Aussi amusants et peu pratiques qu’ils puissent sembler à notre époque en termes de mode et d’usage quotidien, ces chapeaux ont résisté à l’épreuve du temps. Ils ont néanmoins dû s’incliner face à l’avènement de l’automobile au début du XXe siècle pour des raisons pratiques évidentes. Le haut de forme a donc amorcé son déclin avec le développement des Temps Modernes. Quoi qu’il en soit, ce type de couvre-chef est un irréductible et survivra encore et toujours. Les étudiants en recherchent pour leurs cérémonies, les ordonnateurs de pompes funèbres pour leur profession, les chorales pour Noël ou plus récemment les aficionados de steampunk pour le plaisir. Le haut de forme est également toujours d’usage pour les mariages et certaines courses hippiques. Petite anecdote: le chapeau à claque, haut de forme pliable ou Gibus (du nom de son inventeur Français Antoine Gibus), est toujours suffisamment sollicité pour être le fonds de commerce d’un fabricant New Yorkais de chapeaux. Enfin, l’Oncle Sam, symbole démocratique à l’Américaine, continue de préférer le haut de forme aux autres chapeaux, plausiblement (et paradoxalement) pour ses connotations élitistes. »

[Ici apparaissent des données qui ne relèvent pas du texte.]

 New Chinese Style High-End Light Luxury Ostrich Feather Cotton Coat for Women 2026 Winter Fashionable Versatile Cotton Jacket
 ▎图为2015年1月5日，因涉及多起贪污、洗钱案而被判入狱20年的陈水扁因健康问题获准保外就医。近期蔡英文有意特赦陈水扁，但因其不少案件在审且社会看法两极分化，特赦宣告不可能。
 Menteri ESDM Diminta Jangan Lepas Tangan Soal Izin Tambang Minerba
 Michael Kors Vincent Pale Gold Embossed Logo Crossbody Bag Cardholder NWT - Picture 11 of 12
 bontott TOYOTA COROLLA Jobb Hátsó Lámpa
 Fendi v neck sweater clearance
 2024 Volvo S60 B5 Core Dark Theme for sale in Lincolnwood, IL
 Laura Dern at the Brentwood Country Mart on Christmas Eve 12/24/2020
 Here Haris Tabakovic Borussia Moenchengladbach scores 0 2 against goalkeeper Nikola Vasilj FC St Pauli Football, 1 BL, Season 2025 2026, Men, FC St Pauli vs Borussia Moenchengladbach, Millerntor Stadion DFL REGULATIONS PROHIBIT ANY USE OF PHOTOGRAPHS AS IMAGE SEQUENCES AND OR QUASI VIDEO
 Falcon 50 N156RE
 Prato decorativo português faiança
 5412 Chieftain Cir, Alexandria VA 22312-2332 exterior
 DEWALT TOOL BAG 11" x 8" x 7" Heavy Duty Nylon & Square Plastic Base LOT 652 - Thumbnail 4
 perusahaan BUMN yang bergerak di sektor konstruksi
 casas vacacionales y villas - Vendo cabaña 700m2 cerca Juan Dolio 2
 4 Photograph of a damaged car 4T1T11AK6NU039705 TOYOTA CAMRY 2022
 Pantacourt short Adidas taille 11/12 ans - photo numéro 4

Source : https://www.chapeauxetcasquettes.fr/pages/histoire-du-haut-de-forme
Pour cette nouvelle création bien colorée, j’avais envie de faire apparaître un visage avec un œil, une toute petite bouche, mais aussi une grande oreille. De toute façon, je me disais que ce chapeau haut de forme nous emmènerait dans une émotion avec toutes ces plumes quelle que soit la forme de ce visage.
Je commence donc par dessiner ce chapeau, puis je continue par le visage où je retranscris à l’intérieur toutes ces envies dont je viens de parler, puis je finis par le corps et enfin par les plumes sur le chapeau.
Mon esquisse terminée je me suis donc lancée à travers les couleurs. J’ai choisi de créer de la gaîté et du rayonnement. Tout cet ensemble me plaisait bien. Il me restait juste à bouger mon poignet et faire danser mon pinceau sur cette ébauche qui portera alors son lumineux manteau de tons différents. Pour terminer, je fais le tour de mes formes avec des feutres de couleurs. Je rajoute un peu de blanc sur le plumage.
Nous voilà maintenant dans le monde du chapeau, des formes et des couleurs. Bonne promenade.

Quels matériaux avez-vous utilisés ?

Cette production a été conçue sur une feuille de 36 x 46 cm. Comme médium de la peinture aquarelle, un crayon HB pour faire naître mon esquisse. Pour les finitions des feutres de couleur.

Que ressentez-vous en face de votre création ?

Je regarde ma création, je suis attirée par les plumes. Dans ma tête, je me sens angoissée, mais ces angoisses me semblent être situées au fond dans ma tête. Je m’amuse avec ce pinceau et ces différents mouvements qui ne me semblent jamais pareils.
En ces temps troubles, je ne peux qu’espérer que nous gardions la santé. Je vous souhaite pour cette nouvelle année 2022 de prendre soin de vous et de vos proches, de vivre en connexion avec tout ce qui peut vous procurer du plaisir, de la joie, du bien-être, qu’elle vous réserve également des bonheurs inattendus. Croisons les doigts pour que la Covid nous laisse tranquille d’ici la fin de l’année.